I don't know why they were running so far behind, but I just wish they had phoned us to let us know not to come for another 30 minutes. Of course, my blood pressure was high when they initially took it because I was annoyed and impatient. The upside is that one of the embryos was 8 cells and the other 7 cells, which is higher than our last FET. So, apart from the long wait, the transfer went well.

For the past 24 hours I have been curious about every little 'pain' that I might feel down there. Of course, it's probably just gas but you never know. I'm trying to stay positive, but also trying to prepare myself in case it's a negative. And so the agonizing wait begins.

Friday, October 9, 2009

The Count Down Begins

Today DH and I paid a visit to the clinic for a 'pre-op' in preparation for next week's frozen embryo transfer (FET).

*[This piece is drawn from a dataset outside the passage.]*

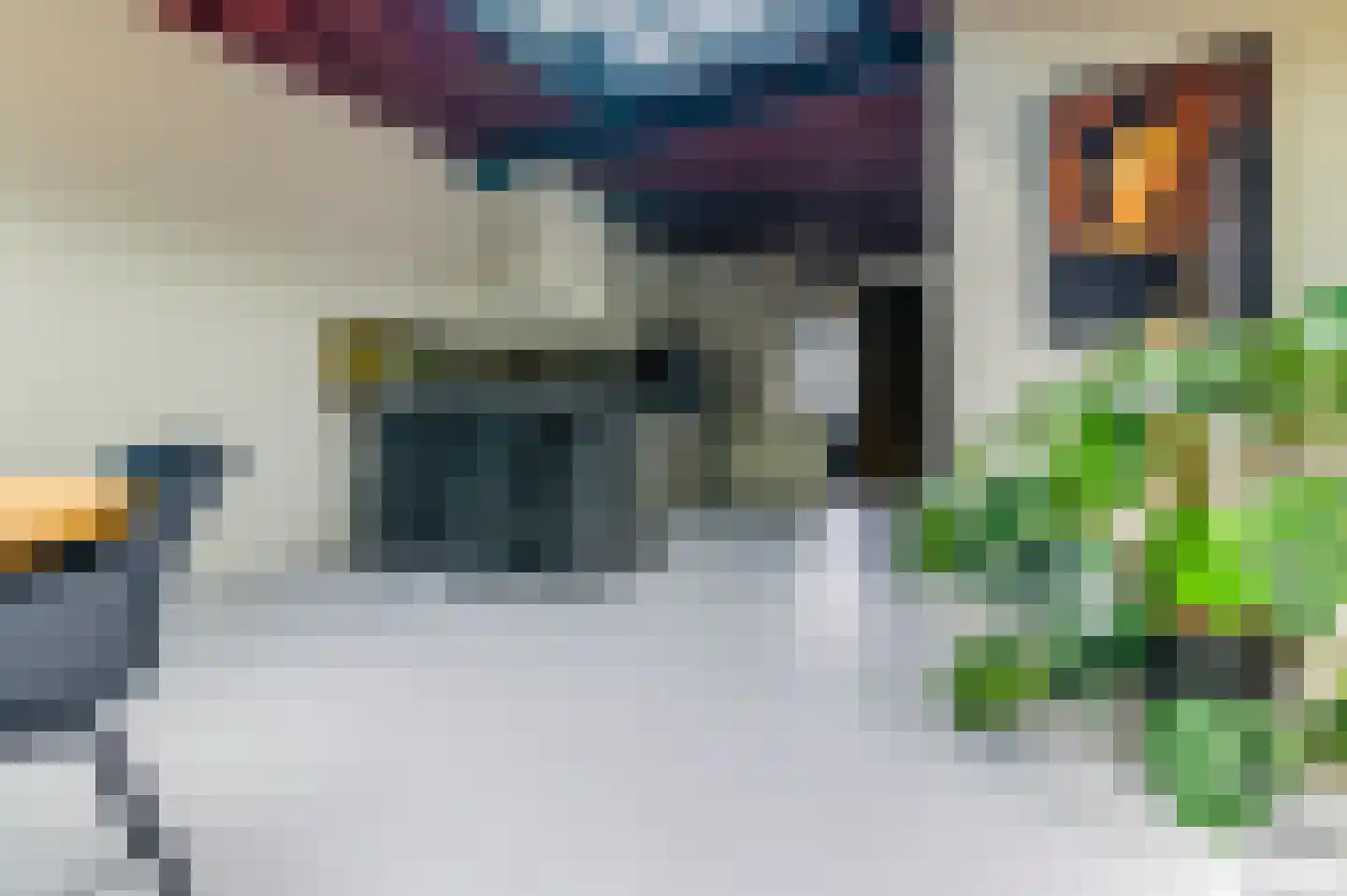 De Parse 4 Akkrum thumbnail 34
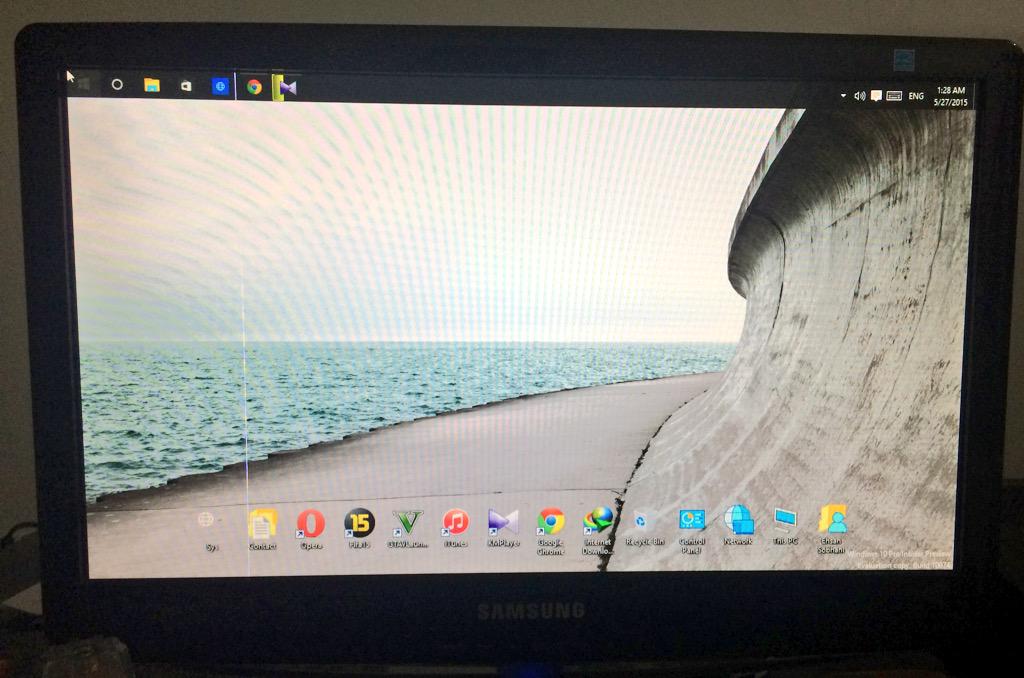 E73AN's tweet photo. #WinMac #win #mac #Microsoft #Apple http://t.co/TENnv6LsIu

Crazy, but the part I hate the most is getting on the scales to be weighed, so I kindly ask the nurse not to say the number, because if I don't hear it then it doesn't exist. Second part is the blood pressure, which was lower that it's been in weeks...perhaps it's because I closed my eyes and thought of waterfalls on the Road to Hana in Maui. The internal ultrasound was as enjoyable as any can be, but we did discover that my uterine lining is 1cm (and I'm usually a 7mm girl).

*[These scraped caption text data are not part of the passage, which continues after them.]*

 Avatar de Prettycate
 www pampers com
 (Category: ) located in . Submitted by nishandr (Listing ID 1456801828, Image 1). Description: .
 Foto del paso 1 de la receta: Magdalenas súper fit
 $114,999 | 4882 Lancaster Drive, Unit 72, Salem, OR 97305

The doctor gave us an informal lecture on the importance of getting a flu shot at this time due to the prevalence of the H1N1 strain, and stressed how it negatively affects pregnant women. I really hadn't planned on getting one as I was going to wait and see if the FET worked, but he emphasized that I should get a regular flu shot and then one for H1N1 and that they shouldn't be given at the same time. So, DH and I promptly paid a visit to Safeway pharmacy and each got a shot. After all the needles put into my body this year I was an old-pro, but I did have to coach DH who was never vaccinated as a child (honest -- MIL claims he was allergic). As of this time he's had no adverse reaction, meanwhile I felt a bit dopey afterwards...hmm, or maybe that's because of all the estrogen in my body.

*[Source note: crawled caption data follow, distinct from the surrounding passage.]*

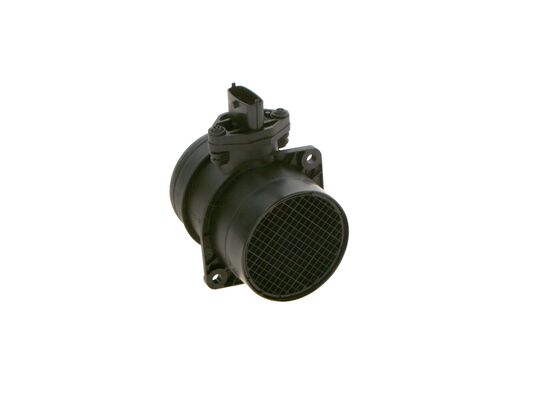 Bosch Luchtmassameter 0 280 218 192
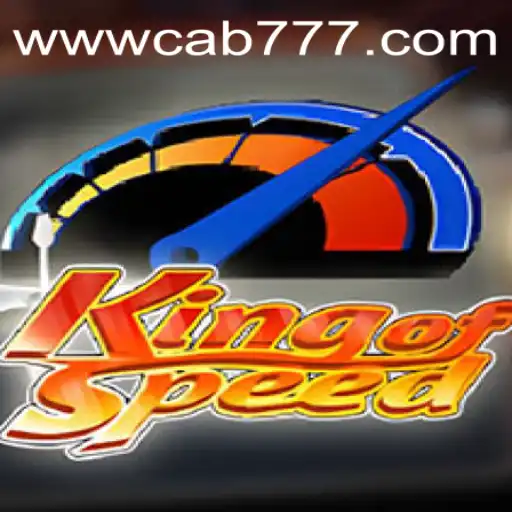 KingofSpeed: A Thrilling Ride Through the Fast-Paced World of Racing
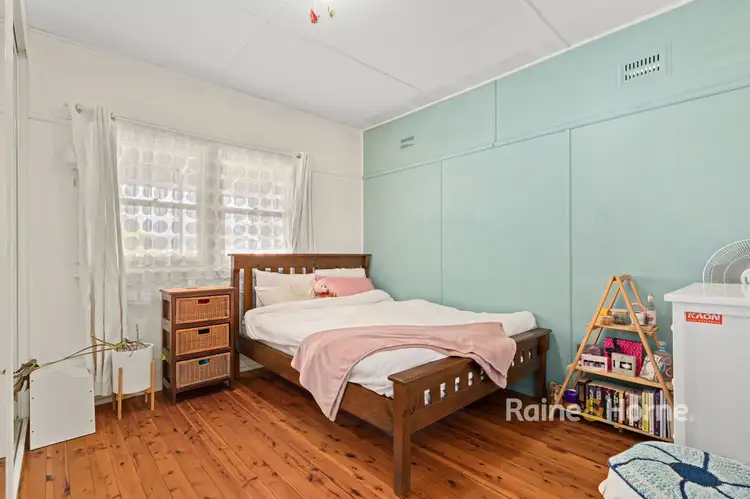 Sixth view of Homely house listing, 160 Trafalgar Avenue, Umina Beach NSW 2257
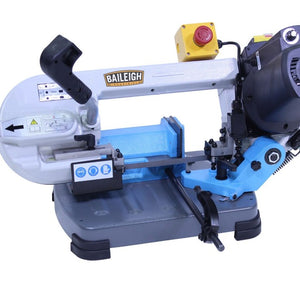 Metal Band Saws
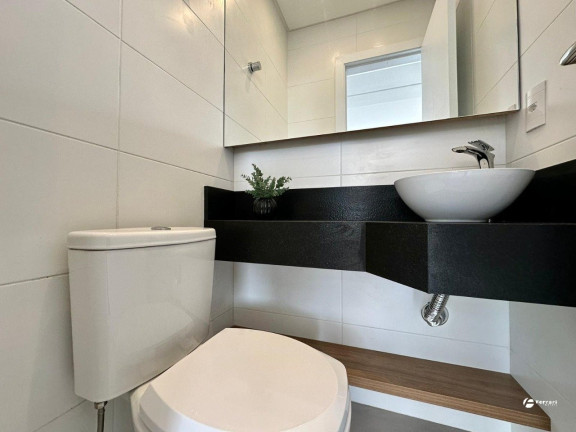 Imagem Apartamento com 3 Quartos à Venda, 120 m² em Zona Nova - Capão Da Canoa Imagem Apartamento com 3 Quartos à Venda, 120 m² em Zona Nova - Capão Da Canoa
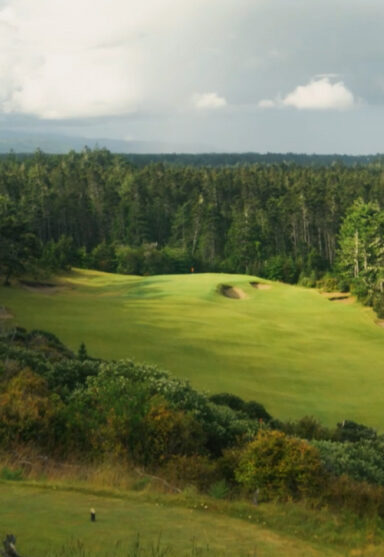 Hole 14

Today I also decided to tell my Mother that we're doing another FET and that I got a flu shot. I got more of a response from her about the flu shot than I did about the FET. Not surprising coming from the woman who told me, "I don't know why you bother trying anymore," after our last (unsucessful) FET last July. Oh, well, just thought I'd keep her up-to-date with my life. Thank God there are hundreds of miles between us.